NOTICE: Ninth Circuit Rule 36-3 provides that dispositions other than opinions or orders designated for publication are not precedential and should not be cited except when relevant under the doctrines of law of the case, res judicata, or collateral estoppel.
Charles Dale LARSON, Petitioner-Appellant,
v.
Tana WOOD, Respondent-Appellee.
No. 97-35899.
D.C. No. CV-94-05414-DEW.
United States Court of Appeals, Ninth Circuit.
Submitted May 14, 1998**.
Decided May 18, 1998.
Appeal from the United States District Court for the Western District of Washington David E. Wilson, District Judge, Presiding.

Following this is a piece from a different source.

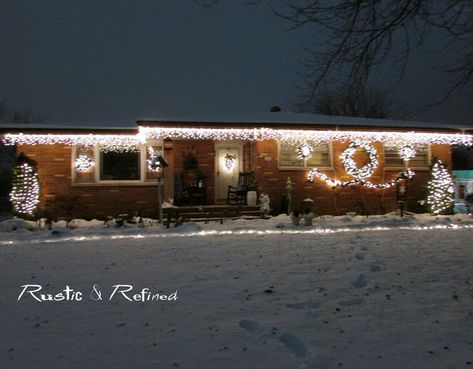 Small House Christmas Lights Outdoor, Roof Christmas Lights, Classic Entrance, Exterior Christmas Lights, Apartments Ideas, Rustic Front Porch, Home Decor Paint, Home Safety Tips, Christmas Lights Outside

Before SCHROEDER, TROTT, and FERNANDEZ, Circuit Judges.
MEMORANDUM*
Charles Dale Larson, a Washington state prisoner, appeals pro se the district court's summary judgment dismissal of his 28 U.S.C. § 2254 habeas corpus petition on remand from this court. We review de novo the denial of a habeas petition, see Duckett v. Godinez, 67 F.3d 734, 739 (9th Cir.1995), and the grant of summary judgment, see Belgarde v. State of Montana, 123 F.3d 1210, 1214 (9th Cir.1997). We have jurisdiction pursuant to 28 U.S.C. § 2253, and we affirm.
Larson contends that there was insufficient evidence to support his bail jumping conviction. We disagree.
In determining whether evidence is sufficient to support a conviction, we view the evidence in the light most favorable to the government and determine whether "any rational trier of fact could have found the essential elements of the crime beyond a reasonable doubt." See Jackson v. Virginia, 443 U.S. 307, 319, 99 S.Ct. 2781, 61 L.Ed.2d 560 (1979). Because the evidence showed that Larson was aware of the time and date of his required appearance, that he failed to appear at that time, and that he told the bail bondsman he "wasn't going to court," a rational trier of fact could reasonably have found the elements of bail jumping. See id., 443 U.S. at 319; see also Wash. Rev.Code § 9A.76.170(1) (1987) (defining elements of bail jumping).
Larson also contends that the trial court should have granted a mistrial after a prosecution witness violated a motion in limine by referring to his prior imprisonment. This contention lacks merit.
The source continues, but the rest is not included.